Decker wasn't to recover for a year. In fact, when she married marathoner Ron Tabb last summer, a wedding guest was heard to whisper, "She goes lame so often now you can call her Pull-Tabb."
Tabb, a patient and selfless man, has been instrumental in gently guiding his sometimes overspirited wife through a gradual return to her extraordinary form. Both of them, in turn, have been overseen by Athletics West administrator Dick Brown, also a marvelously soothing soul and a highly trained physiologist, who stressed consistency and caution.
The result had been this year's spate of six world records, four of them indoors—the 3,000 (8:47.3) and three successive improvements in the mile, culminating in a 4:20.5 on Feb. 19 in San Diego—and two of them outdoors, a 15:08.26 in the 5,000 in Eugene on June 5 and a 4:18.08 mile on July 9 in Paris.

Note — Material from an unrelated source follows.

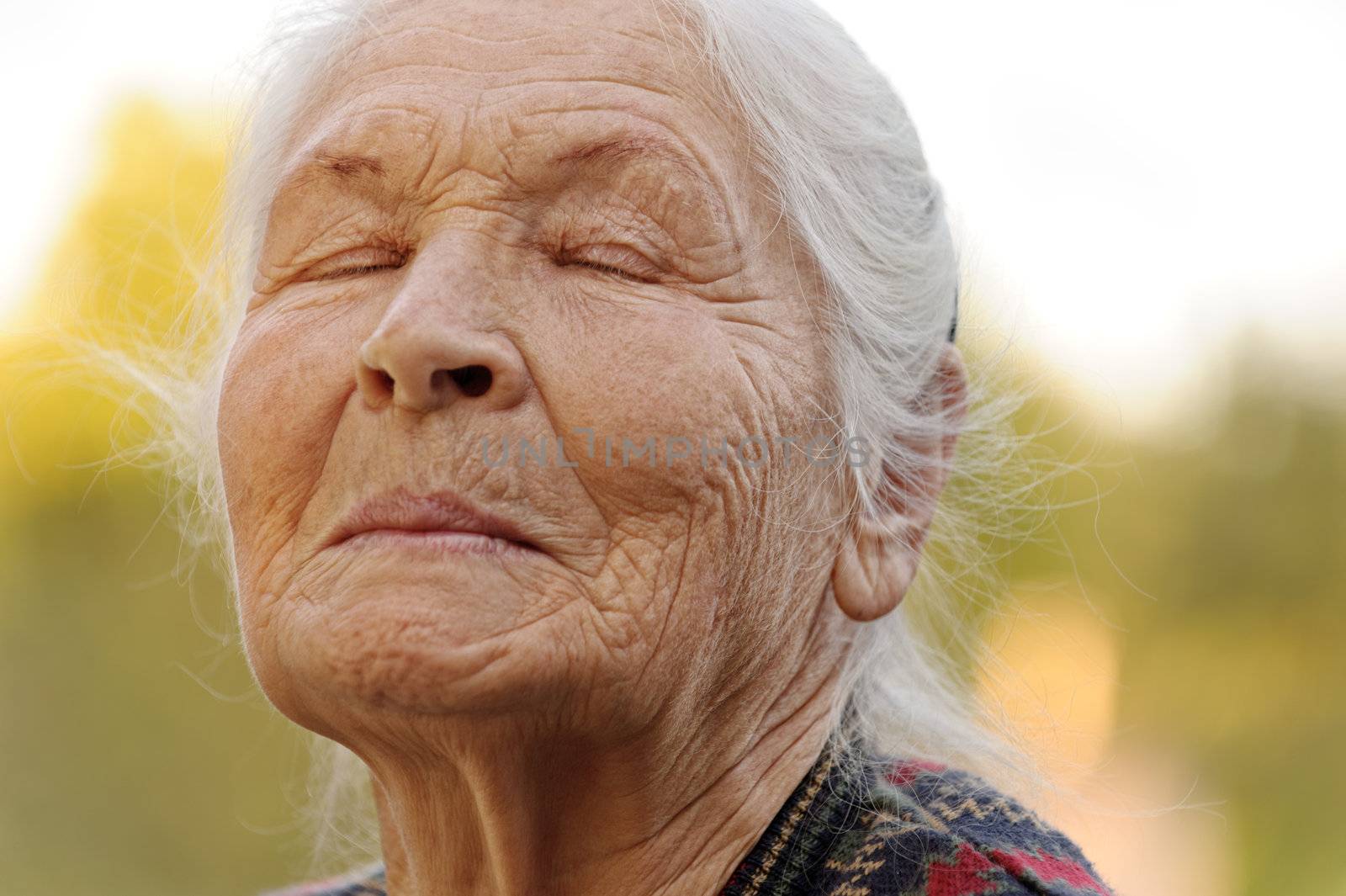 The elderly woman with closed eyes. A photo outdoors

Moreover, Decker Tabb set an American women's mark in the 3,000 (8:29.71) on July 7 in Oslo, narrowly missing the world record of 8:27.12 held by Lyudmila Bragina of the Soviet Union.
To forestall potential injury, the Tabbs flew home to Eugene, Ore. late last week for a three-week recharge before returning for late August races in Nice, Zurich, Brussels and Koblenz. They were 16 hours in planes and concourses between Geneva and Eugene last Thursday. "Alberto and Molly Salazar were on the same planes," says Decker Tabb. "And Alberto said that despite setting American records in the 5,000 and 10,000 [13:11.93 and 27:25.61], he felt he had a good 10,000 left in him." Salazar wondered aloud—and presciently, it turned out—whether it would count in the eyes of the International Amateur Athletic Federation, which approves track and field world records, if he set a mark in one of Eugene's all-comers meets.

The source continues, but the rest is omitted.